I don't need commit access -- I don't particularly care whether we get lua-5.2.x with autotools or without, and I don't want to step on your toes if you plan to update Lua to 5.2 with the autotooling. I just saw that the last update was in 2011 and assumed you were an inactive maintainer (maybe looking for a comaintainer).

I do want us to start making progress on it. 5.2 came out back in December 2011! Fedora is really late to the party on this one.

Comment 13 Panu Matilainen 2013-04-10 05:37:32 UTC
(In reply to comment #11)
> Why drop the autoconf patches? They have served us well and forward porting
> has been easy in the past. They ensure building with proper flags etc. I'd
> rather not like them to be dropped out of ignorance. Is there a particular
> reason? Afterall we need to carry patches to any build system.

I personally have a bit of an issue with a patch larger than the entire uncompressed Lua source:
[pmatilai@localhost lua]$ ls -l lua-5.1.4-autotoolize.patch lua-5.1.4.tar
-rw-rw-r--. 1 pmatilai pmatilai 1443402 Mar  7  2012 lua-5.1.4-autotoolize.patch
-rw-rw-r--. 1 pmatilai pmatilai  880640 Sep  3  2008 lua-5.1.4.tar

Of course that's just auto*foo insanity wrt generated sources, the actual change to switch to autotools is fairly simple in reality. It'd be a whole lot less scarier if the autotoolize patch only carried the auto*foo "sources" with spec doing 'autoreconf' to get all the generated goo in the place, or alternatively carry the autogenerated stuff in a separate patch.
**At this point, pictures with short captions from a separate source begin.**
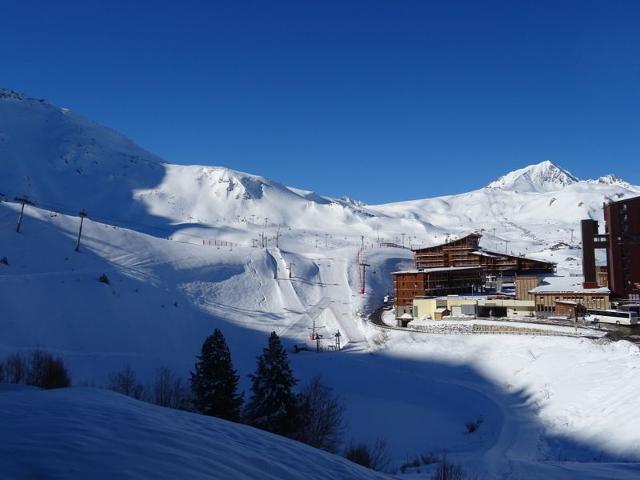 Appartements Varet - Les Arcs 2000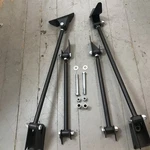 1949-1951 Mercury Triangulated Rear Suspension Link Kit Fits Tci Shocks. Fixed Price $599.00.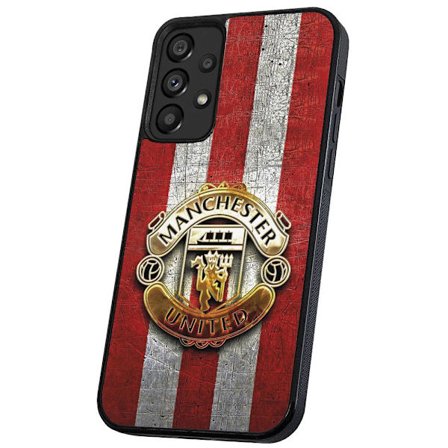 Samsung Galaxy A53 5G - Kuoret/Suojakuori Manchester United
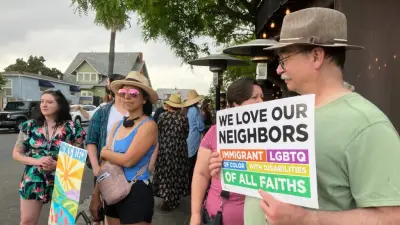 Flood of support continues for popular restaurant after ICE raid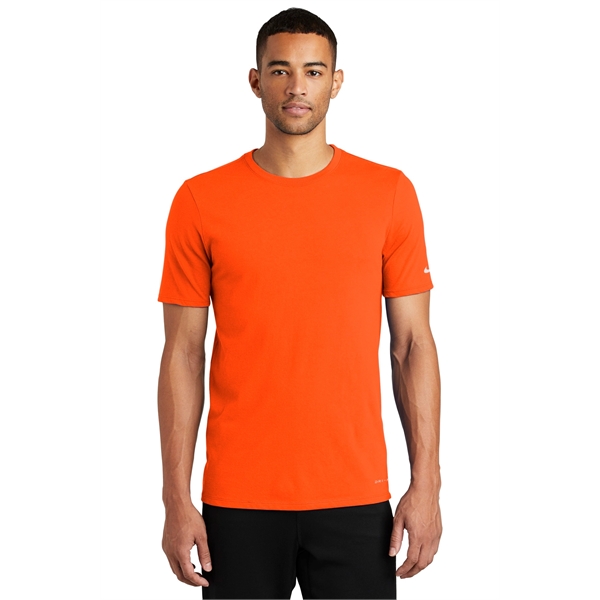 Nike Dri-FIT Cotton/Poly Tee.... from ASI 84863 SanMar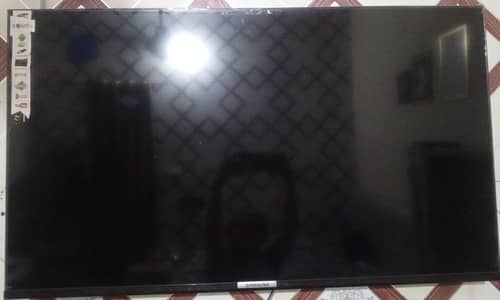 43" Smart led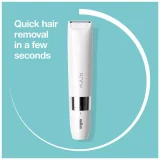 Braun BS1000 Mini Body Trimmer – Compact Grooming Tool - Image 4
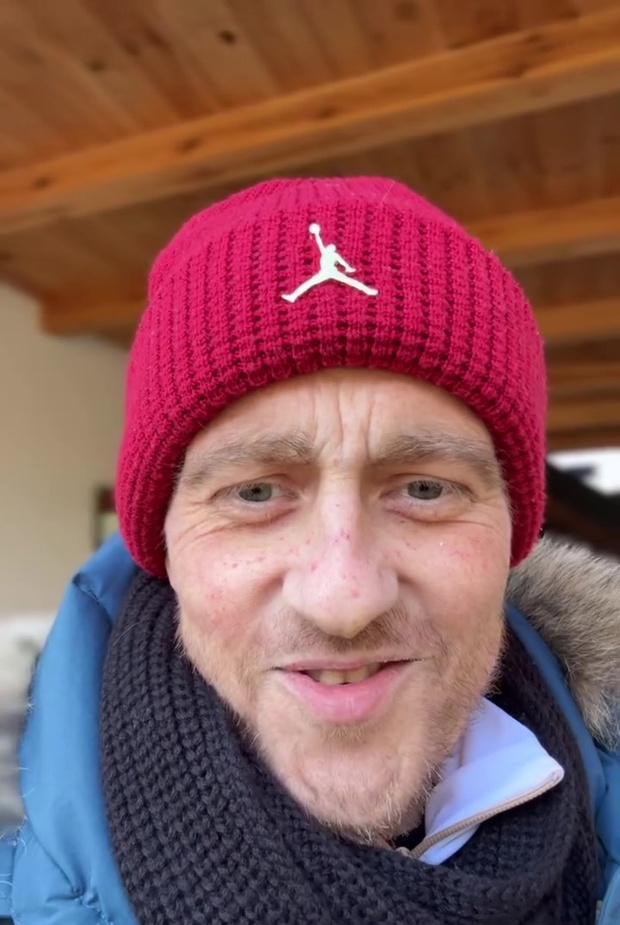 Tomasz Jakubiak pomaga bliskim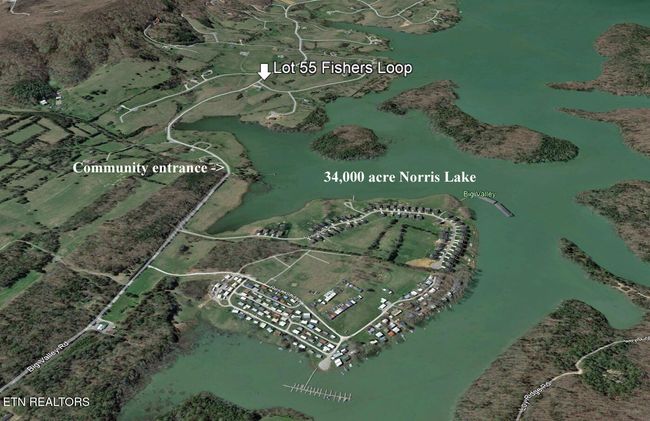 55 Fishers Loop, Home with 0 bedrooms, 0 bathrooms and null parking in Sharps Chapel TN | Image 14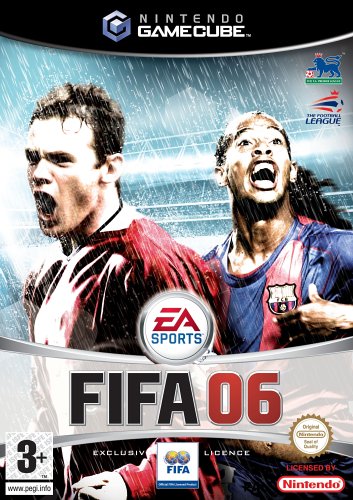 jaquette du jeu vidéo FIFA 06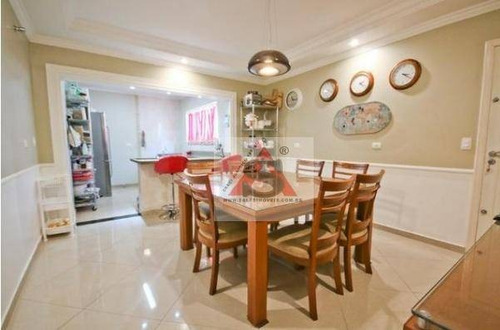 Sobrado Com 3 Dormitórios À Venda, 300 M² Por R$ 1.590.000 - Jardim São Paulo(zona Norte) - São Paulo/sp - So4686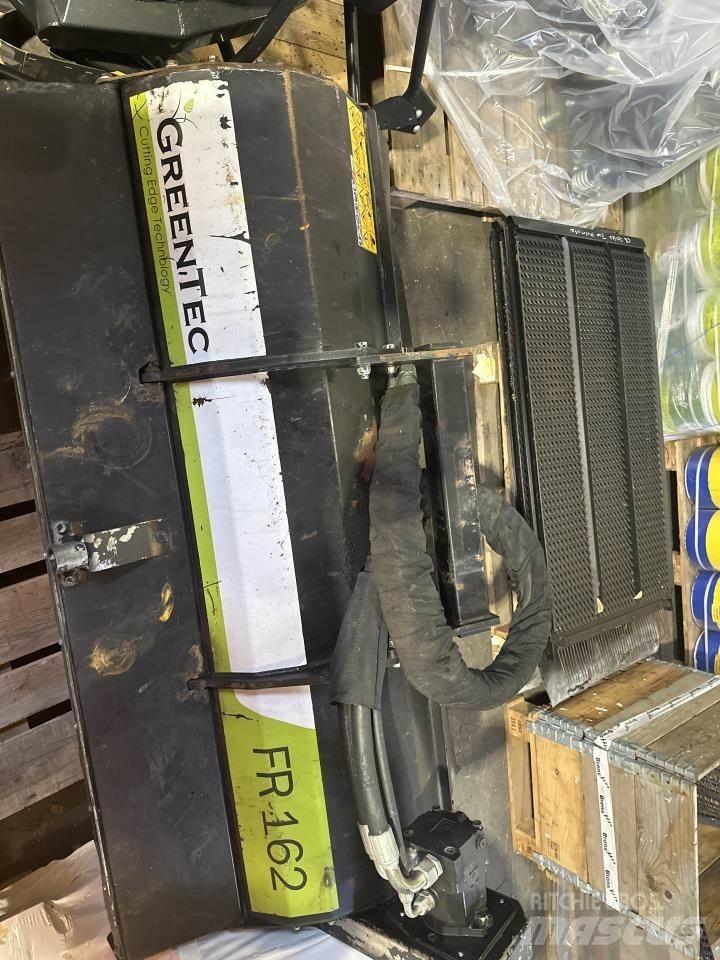 Greentec FR162 Greenikoneet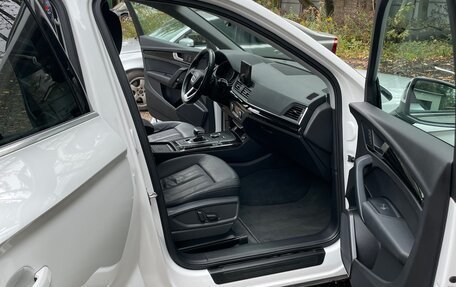 Audi Q5, 2019 год, 3 950 000 рублей, 2 фотография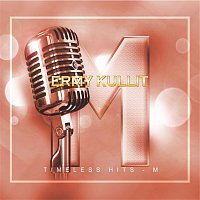 Přední strana obalu CD Timeless Hits - M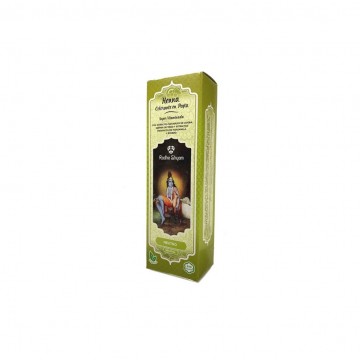 Henna Neutro Brillo Pasta 200ml Radhe Shyam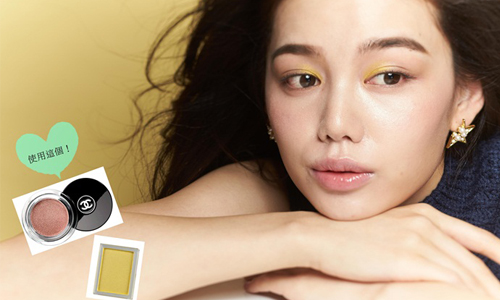[友站新聞] 史上最難3大春季色彩：粉紅、黃、綠色！如何打造動人春季妝容？ voce、春天、彩妝、酒紅、優雅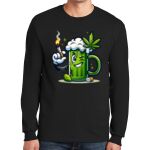 Ultra Cotton ® 100% Cotton Long Sleeve T Shirt Thumbnail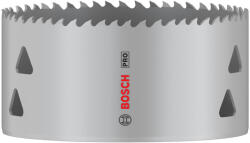 Bosch PRO Multi Material körkivágó, 102 mm, kobalttal, fa, nemvasfém, műanyag, gipszkarton (2608901534) - hardtools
Comment 14 Aaron Faanes 2013-04-10 19:15:38 UTC
+1 to removing generated autotools files and running autoreconf when building. Since upstream doesn't use autotools, I don't see a need to include the generated stuff.

As far as removing autotools entirely, I disagree. The lua-5.1.4-autotoolize.patch patch size is very misleading. If you just look at the source code for each build system, the Autotools one is actually shorter: 176 lines of configure.ac + Makefile.am's versus 234 lines of upstream Makefiles.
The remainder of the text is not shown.